Vault

Thanks @clmtn for the help! I am on the right track, but it seems that the website functionality to update the *.**pn file is not working properly (on eu-free)…frustrating.

@clmtn said:

@bokanrb said:
anyone could give a me hint (not spoiler) in how to proceed with the G** file?
Do I need to copy that file to my machine or do everything at Vault box?

Hi there, I have PM’d you.

need this hint related to .gg file.
Seems that g
***** n-key do not work properly - because i can’t create what i need with word what i would like to use )

The hardest part of getting root this machine for me was to transfer file.
Vault is very good practice for forwarding techniques!
Highly recommend to draw network topology to clear the picture.

Anyone about to go over the tunnel - got the IP addresses , ports, host-names etc - and remember doing this in poison but cant quite get it to work on this one !

Any hints to get from D** to V****? I saw the b***_h***** and everything in it, but I don’t know how to get to it

hello can someone help me to get a reverse shell I found the location to upload the ie file but It wont execute the P** code. What i’m doing wrong? I’m using the P**-r-s*** from pentestmonkey

@jvlavl said:
hello can someone help me to get a reverse shell I found the location to upload the ie file but It wont execute the P** code. What i’m doing wrong? I’m using the P**-r-s*** from pentestmonkey

Solved it thanks a quote of Skunkfoot.
What a ride. Learned a lot already.

Has anyone got root shell or only decrypt the final file ?

Type your comment

Can anyone point me in right direction?
got first user d***. Found the webserver running on D** . But have no idea where to get .o**n file

@humurabbi said:
Can anyone point me in right direction?
got first user d***. Found the webserver running on D** . But have no idea where to get .o**n file

write your own

Edited

I was stumped as to where this so called log file was - then i found out some idiot had deleted it.

To the person who deleted said log - I hope you sit on a large cactus !

@ZaphodBB said:

Edited

Im stumped as to where this so called Log …

To the person who deleted said log - I hope you sit on a large cactus !

??
You can just reset the box. Logfiles are on every Linux in a specific directory.

Anyway, the box had a very well thought out design kudos to the maker.
Content we all wish to keep seeing here on HTB. Once again, bravo !

User hint : “We need to go deeper”, you really need to, keep enumerating interfaces.
Then it’s all normal linux stuff, it is one of those boxes that you need to keep notes where you at and where do you need to go.

Root hint : well things here are a bit tougher once you find what you need to look for, you will see something that maybe most of you haven’t done before. Take a step back think how he manages to login and with all that port forwarding/tunneling stuff that you used to get there… well you will figure it out.
As for the file , google is all you need

Oh I’m quite aware it can be reset , as am i aware of where logs are stored - shouldn’t have to keep resetting the box though due to some idiot.

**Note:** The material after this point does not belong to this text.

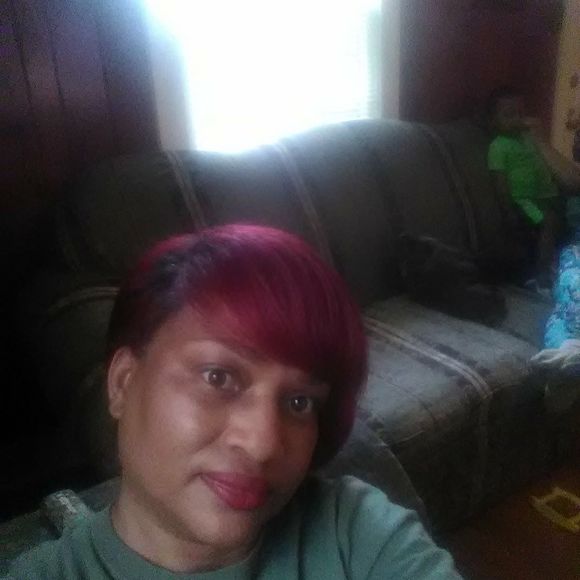 Meet your Posher, Annie - Picture 1 of 1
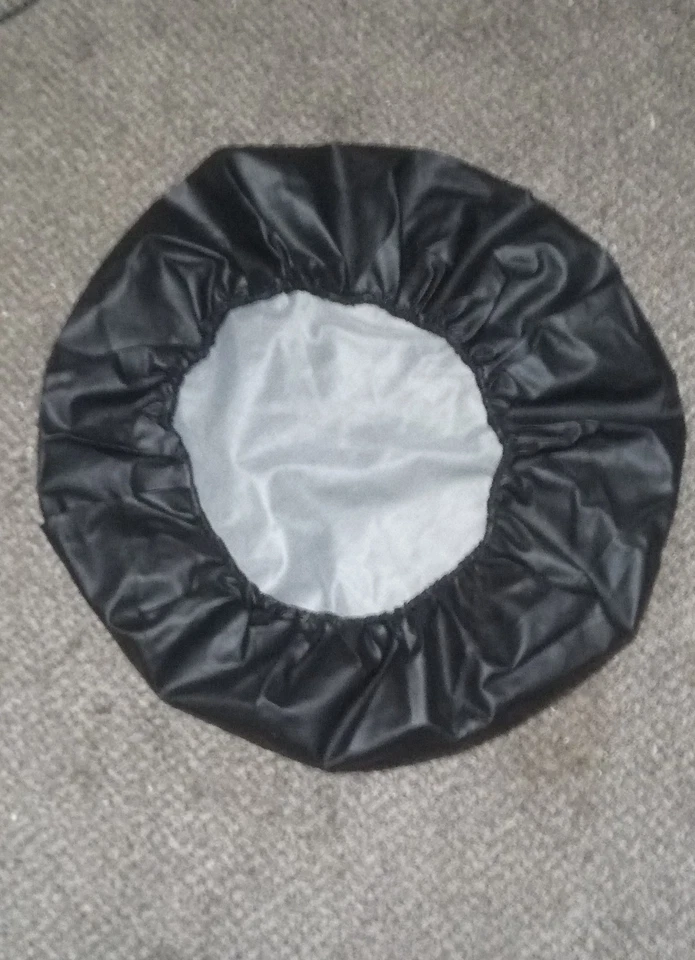 Cubierta de neumático Jeep Liberty 2002-2007 plateada brillante con logotipo Mopar genuino fabricante de equipos originales nueva Foto 2 de 4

Either way, deleting files that are relevant to the box is a really shitty thing to do

Well fortunately never happened to me, i feel you ahah.

Rooted Successfully Thanks@dmaendlen for the hint.

Wow! Just wanted to say thanks to the creator as I learnt sooooooo many new things. Although, I’m not sad it’s finally all over and rooted :wink: My brain hurts!!! Haha! I wasted far too long with the web directory enumeration at the very beginning, kicking myself as it’s not the first time.

So, my hint to others is to keep track of the exact directories searched at, wordlists used, file extensions looked for, etc. That way you can ensure that you’ve covered everything and can work through the site progressively rather than trying the same thing over and over just hoping for a different result… :slight_smile:

@nol0gz
Great box, the best from HTB boxes so far ! It was not very tough for me, I had the huge fun doing it, recalled some things and learned a couple of new. Thanks !! :slight_smile:

got root, learned a lot. PM me if you need help!

Its a box, in a box, in another box. How many new technicist did ii learn? About 4 or 5 new thing. It was tough for me, especially n**t. Taking off my hat in front of @tabacci and @cyb3reagle for help.